Changing What’s in the Fine Print
By Jay Angoff, Director of the Office of Consumer Information and Insurance Oversight
Imagine if you had health insurance and had paid your premiums for years, faithfully, and then you were diagnosed with cancer. You think, “thank goodness I have good insurance.” But then a few months into the treatment that you and your medical team agree is the best for you, you get a letter from your insurer that lets you know that they will no longer be paying, because you’ve hit an annual limit for spending.
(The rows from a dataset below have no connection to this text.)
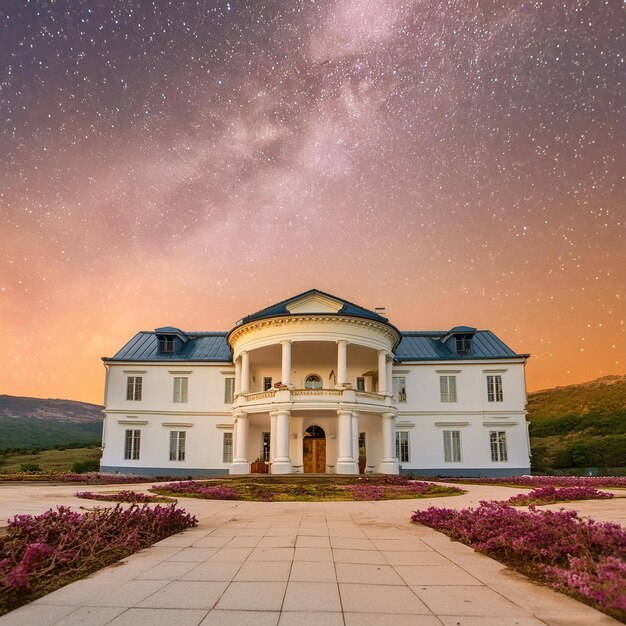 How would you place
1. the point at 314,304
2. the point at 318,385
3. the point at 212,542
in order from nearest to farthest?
the point at 212,542 → the point at 314,304 → the point at 318,385

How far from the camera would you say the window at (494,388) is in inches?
1507

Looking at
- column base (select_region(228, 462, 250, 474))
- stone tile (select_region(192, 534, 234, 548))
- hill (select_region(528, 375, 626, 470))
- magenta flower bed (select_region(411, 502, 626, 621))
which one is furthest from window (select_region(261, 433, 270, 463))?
magenta flower bed (select_region(411, 502, 626, 621))

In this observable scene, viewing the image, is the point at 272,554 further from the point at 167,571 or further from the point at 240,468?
the point at 240,468

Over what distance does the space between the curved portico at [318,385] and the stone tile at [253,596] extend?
25.2 meters

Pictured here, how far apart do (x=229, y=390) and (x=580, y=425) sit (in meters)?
44.1

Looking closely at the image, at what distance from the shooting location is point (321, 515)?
12.5 m

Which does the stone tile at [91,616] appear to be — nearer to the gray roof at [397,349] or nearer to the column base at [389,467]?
the column base at [389,467]

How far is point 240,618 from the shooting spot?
446 centimetres

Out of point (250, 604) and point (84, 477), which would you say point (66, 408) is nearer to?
point (84, 477)

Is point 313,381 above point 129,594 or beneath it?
above

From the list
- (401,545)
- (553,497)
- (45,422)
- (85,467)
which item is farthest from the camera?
(45,422)

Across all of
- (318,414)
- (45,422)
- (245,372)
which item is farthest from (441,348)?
(45,422)

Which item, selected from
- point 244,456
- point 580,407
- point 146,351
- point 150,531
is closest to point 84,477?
point 244,456

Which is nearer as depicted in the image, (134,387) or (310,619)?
(310,619)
You think there must be a mistake.
You get on the phone and talk to person after person at the insurance company and are directed to fine print in your policy that sets not only an annual limit for spending, but contains a lifetime limit for spending. You’ve paid your premiums on time month after month, and now you have to decide whether to sell your house or take other drastic financial measures to continue your treatment.
The scenario outlined above may sound surreal, but it has been a reality for too many Americans facing costly medical conditions.
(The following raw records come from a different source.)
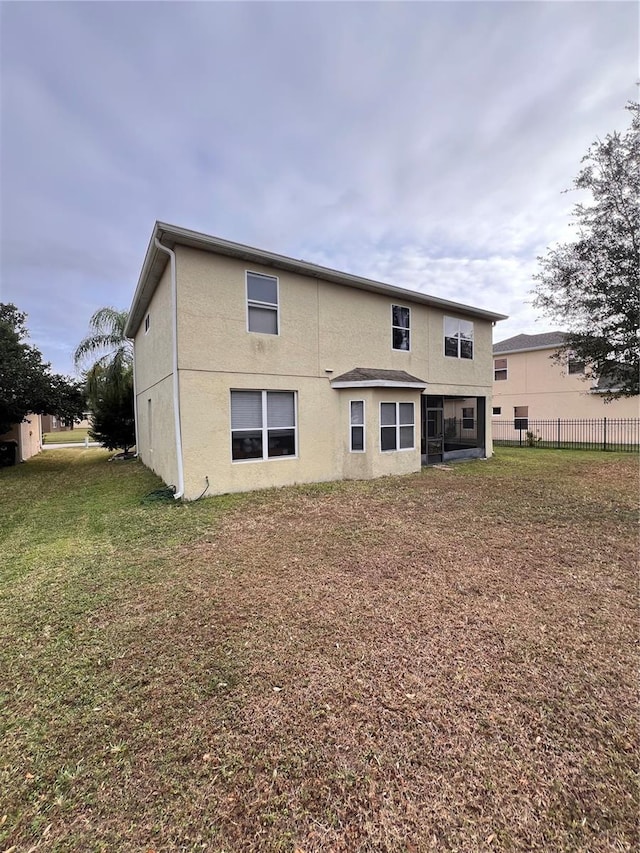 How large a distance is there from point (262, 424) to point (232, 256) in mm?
4017

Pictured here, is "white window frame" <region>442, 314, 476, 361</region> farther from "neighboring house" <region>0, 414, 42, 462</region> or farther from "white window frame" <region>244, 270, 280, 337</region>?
"neighboring house" <region>0, 414, 42, 462</region>

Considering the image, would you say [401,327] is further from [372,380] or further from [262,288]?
[262,288]

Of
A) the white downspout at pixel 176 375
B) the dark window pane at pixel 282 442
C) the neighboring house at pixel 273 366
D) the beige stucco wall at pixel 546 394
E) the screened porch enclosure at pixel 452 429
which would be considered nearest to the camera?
the white downspout at pixel 176 375

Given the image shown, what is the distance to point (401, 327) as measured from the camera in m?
12.2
The Affordable Care Act starts to end this.
- Lifetime limits on most benefits are prohibited in any health plan or insurance policy issued or renewed on or after this Thursday, September 23, 2010.
- New rules are placed on annual limits, which will be phased out in 2014. Over the next few years, all group health insurance plans and individual health insurance plans issued after March 23, 2010 cannot set an annual dollar limit lower than the following:
- Plan or policy year running from September 23, 2010 to September 22, 2011: $750,000
- Plan or policy year running from September 23, 2011 to September 22, 2012: $1.25 million
- Plan or policy year running from September 23, 2010 to December 31, 2013: $2 million
You can find more details here, but what it boils down to is this: for too long, insurance companies have played games with the physical and financial well-being of Americans with costly medical conditions, and that is coming to an end. The common-sense provisions about lifetime and annual limits in the Affordable Care Act will reduce the number of Americans who find themselves in the terrifying scenario annual and lifetime dollar limits can create.